EXERCISE REQUIREMENTS: Pictures are not part of the copy; reproduce the remaining data exactly.

INFORMATION SHOWN:
= Beginning of Section =

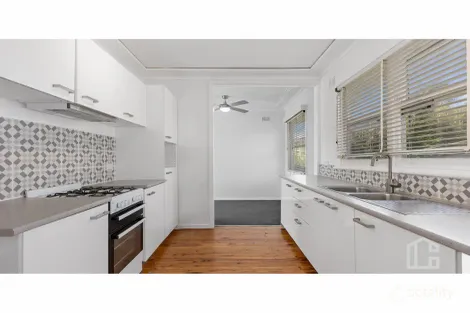 Property photo of 35 Green Parade Valley Heights NSW 2777
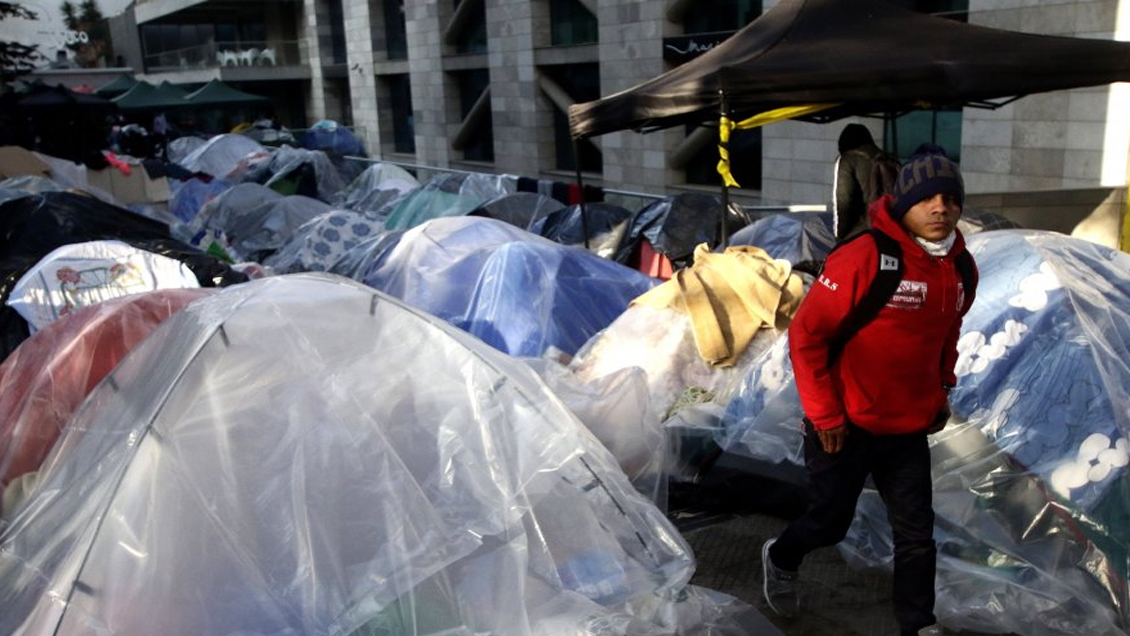 Centenares de colombianos continúan acampando afuera del consulado pidiendo su repatriación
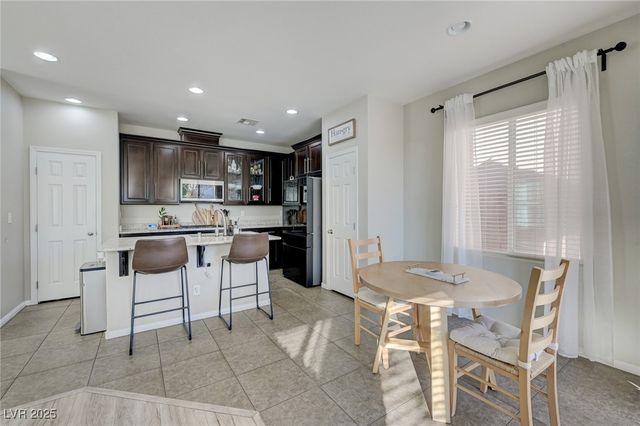 7497 Glimmering Sun Avenue, Las Vegas, NV 89178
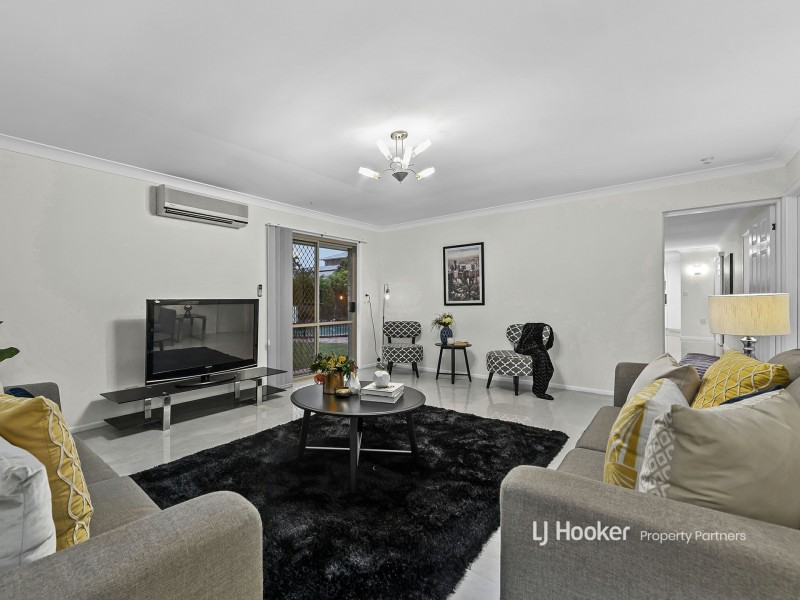 12 McKinley Court, Stretton QLD 4116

= End of Section =

EXPECTED ANSWER:
 Property photo of 35 Green Parade Valley Heights NSW 2777
 Centenares de colombianos continúan acampando afuera del consulado pidiendo su repatriación
 7497 Glimmering Sun Avenue, Las Vegas, NV 89178
 12 McKinley Court, Stretton QLD 4116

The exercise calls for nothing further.